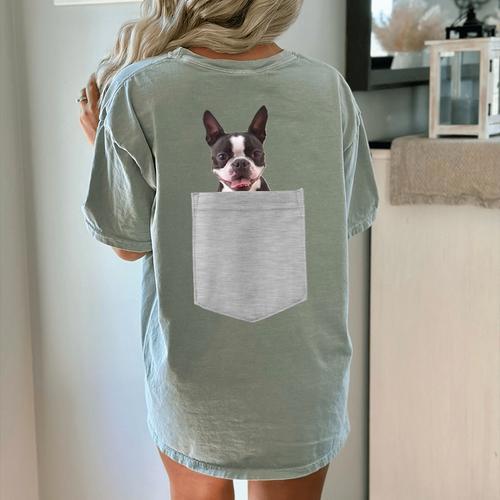 Dog In Your Pocket Boston Terrier For Men Women Girls Kids Women's Comfort Colors T-Shirt Back Print - Bostonterriersmerch.com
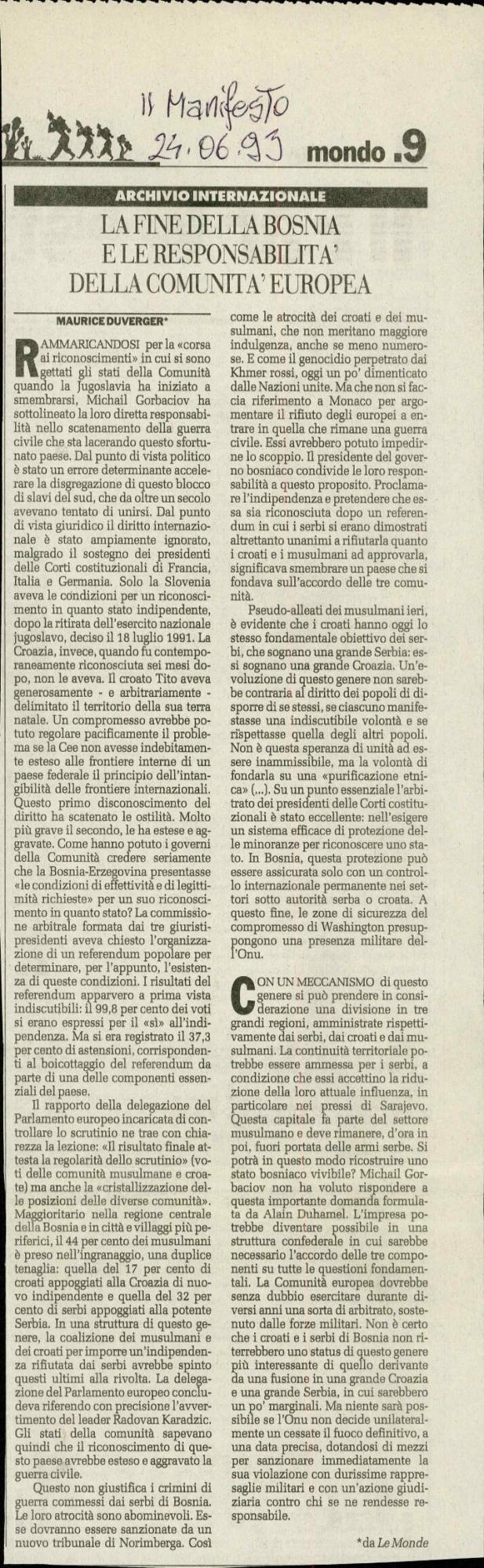 La fine della Bosnia e le responsabilità della Comunità Europea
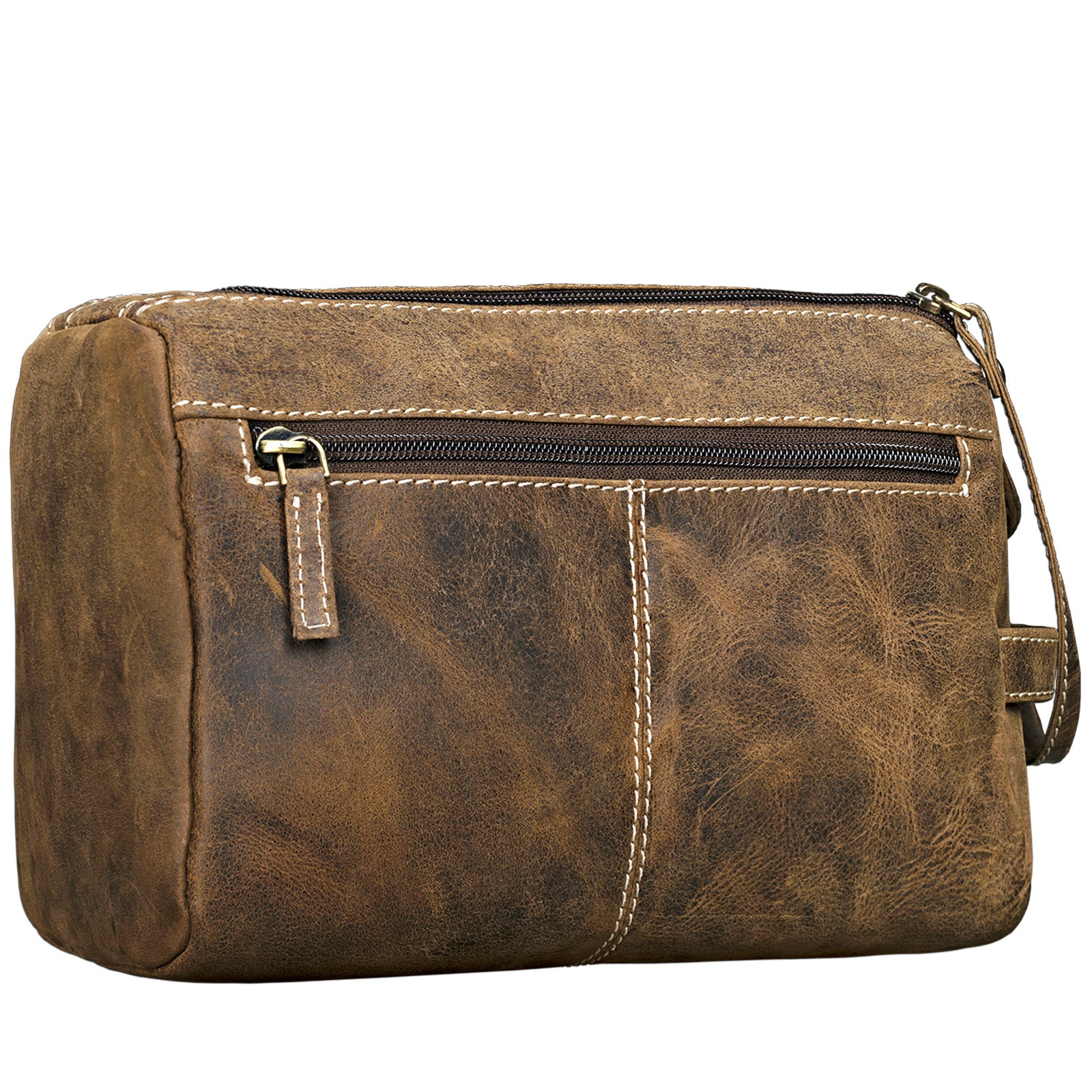 Waschtasche Leder Braun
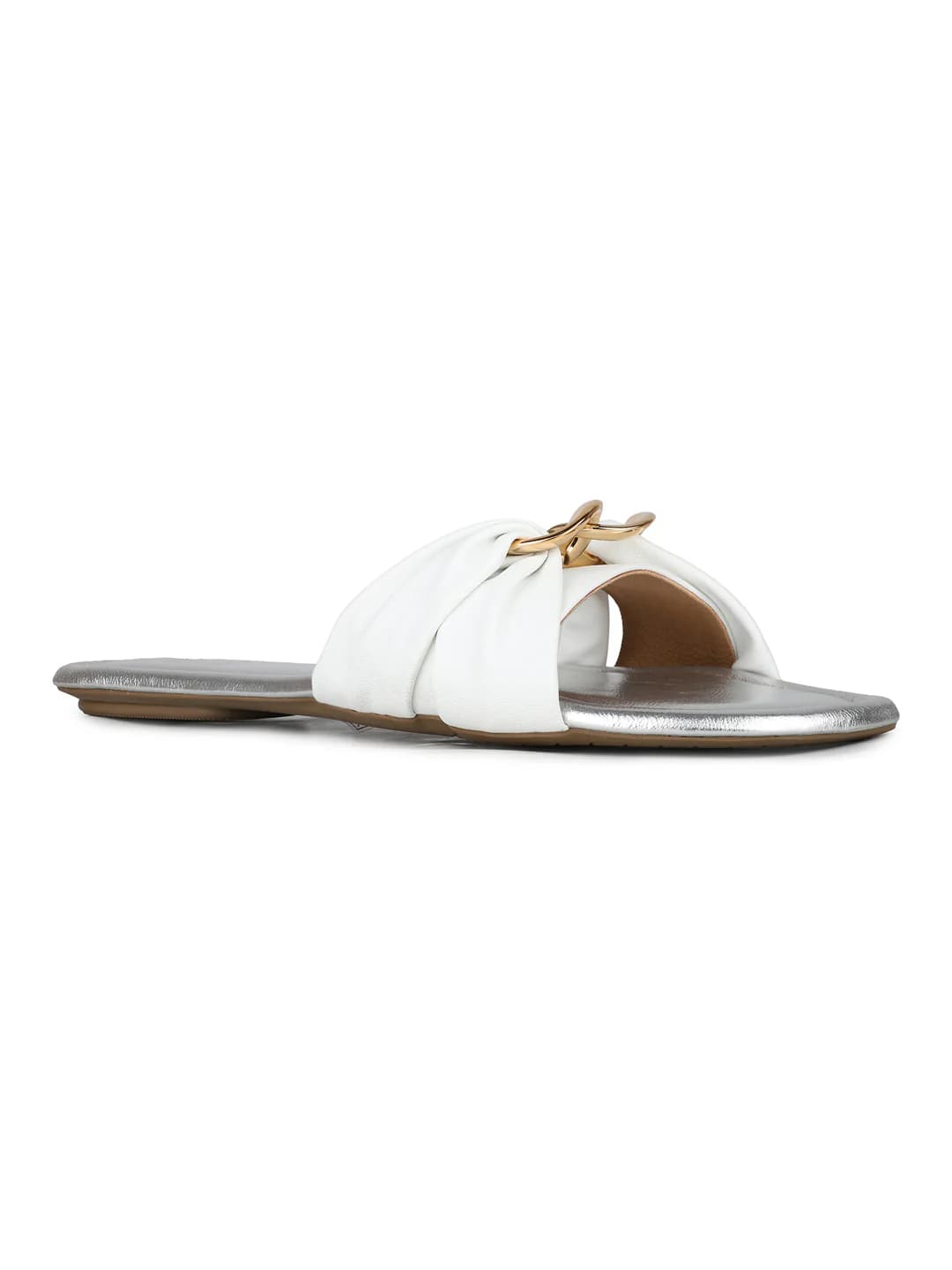 Women's White Casual Round Toe Slip-Ons Sandals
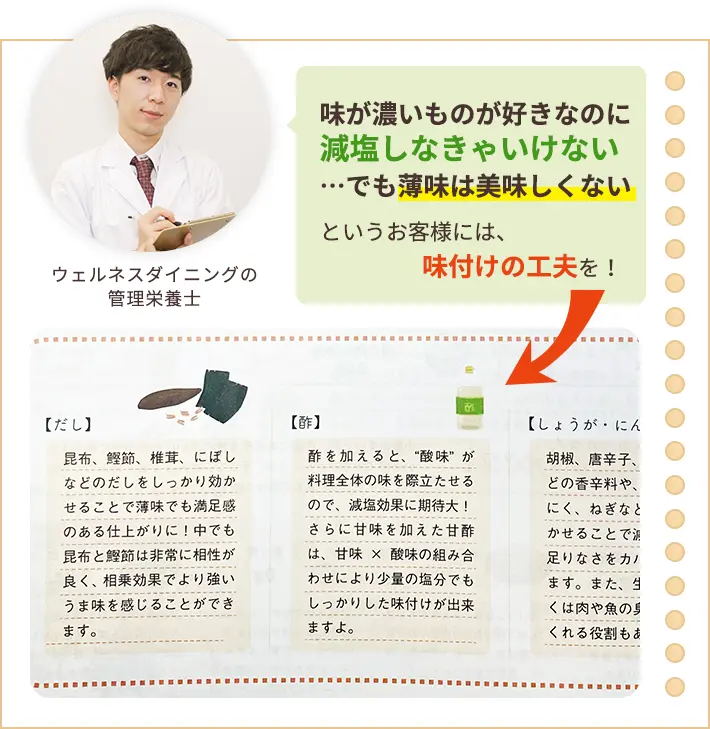 味が濃いものが好きなのに減塩しなきゃいけない…でも薄味は美味しくない というお客様には、味付けの工夫を！
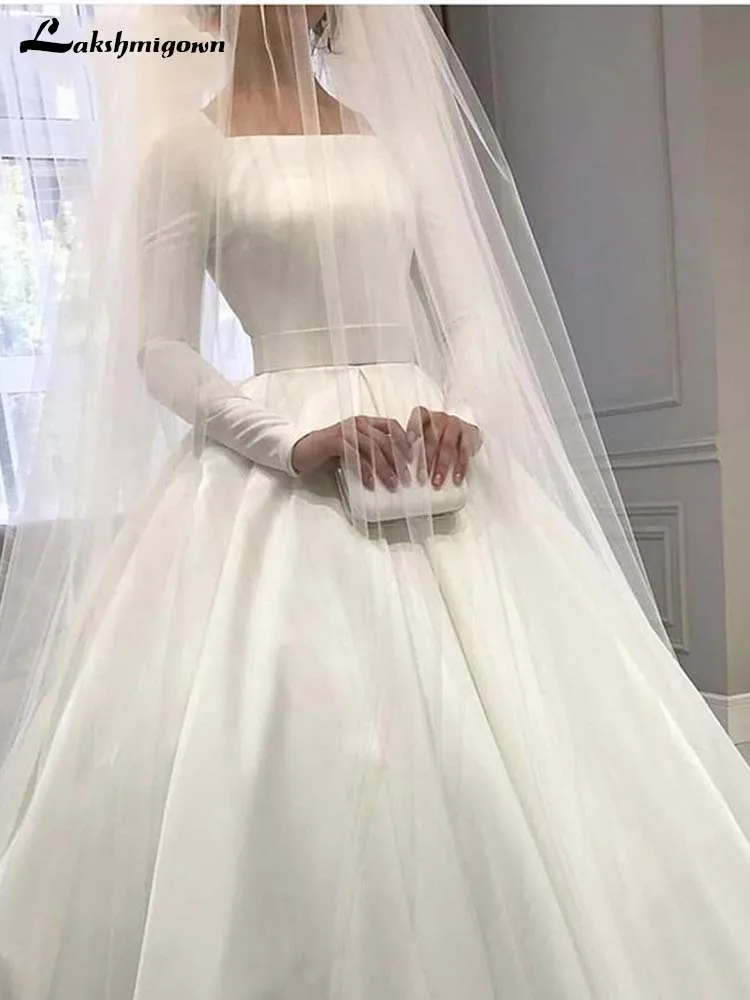 Simple White Satin Long Sleeve Wedding Dress 2019 Boho Bridal Gowns Cheap Ivory Plus Size Bride Dresses Long Robe de mariee
Simple White Satin Long Sleeve Wedding Dress 2019 Boho Bridal Gowns Cheap Ivory Plus Size Bride Dresses Long Robe de mariee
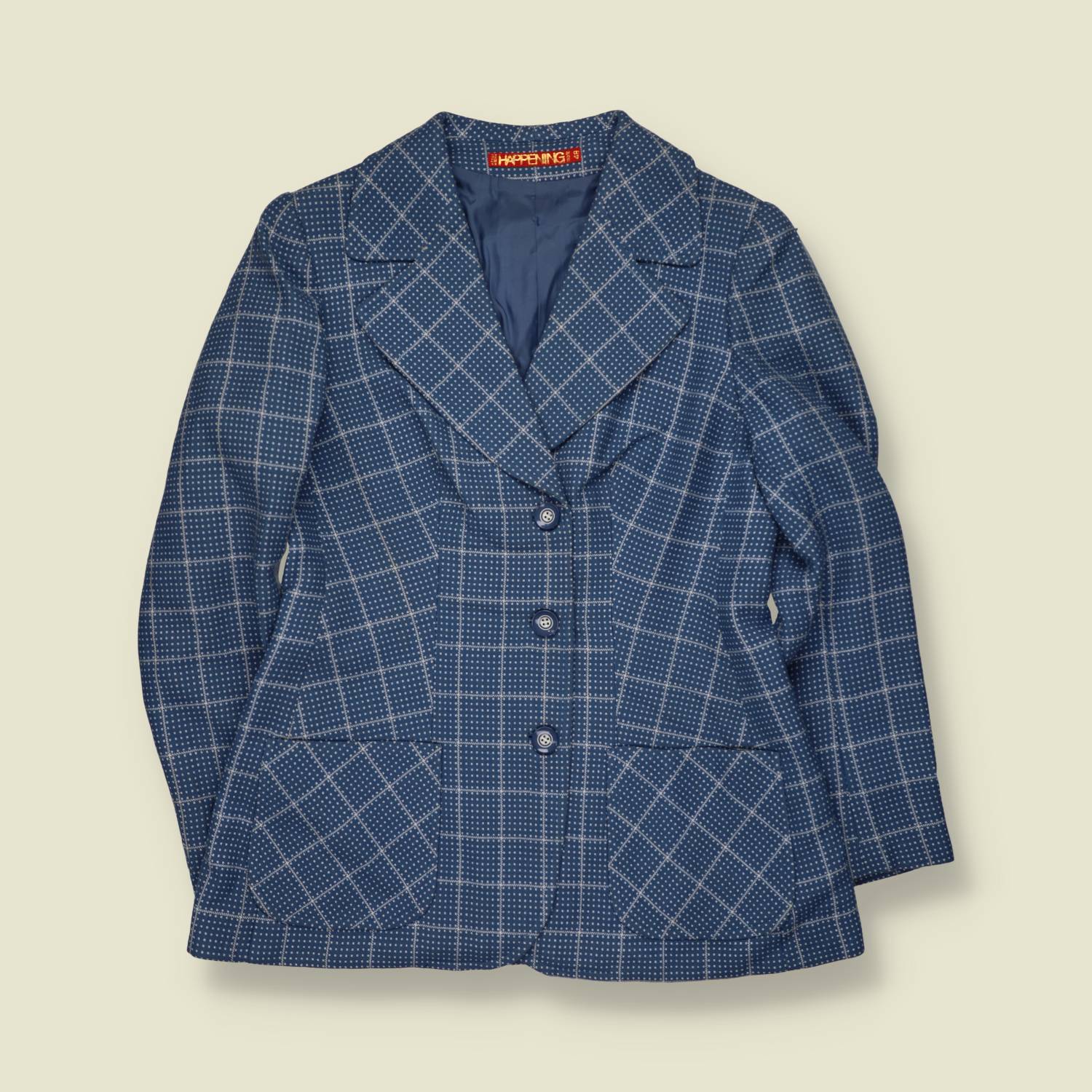 1970s | Happening | Wool Blend Jacket | Blue Check - 8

********************

About this task: Return the records word for word, leaving every picture out of the copy.

Solved exercise:
 Dog In Your Pocket Boston Terrier For Men Women Girls Kids Women's Comfort Colors T-Shirt Back Print - Bostonterriersmerch.com
 La fine della Bosnia e le responsabilità della Comunità Europea
 Waschtasche Leder Braun
 Women's White Casual Round Toe Slip-Ons Sandals
 味が濃いものが好きなのに減塩しなきゃいけない…でも薄味は美味しくない というお客様には、味付けの工夫を！
 Simple White Satin Long Sleeve Wedding Dress 2019 Boho Bridal Gowns Cheap Ivory Plus Size Bride Dresses Long Robe de mariee
Simple White Satin Long Sleeve Wedding Dress 2019 Boho Bridal Gowns Cheap Ivory Plus Size Bride Dresses Long Robe de mariee
 1970s | Happening | Wool Blend Jacket | Blue Check - 8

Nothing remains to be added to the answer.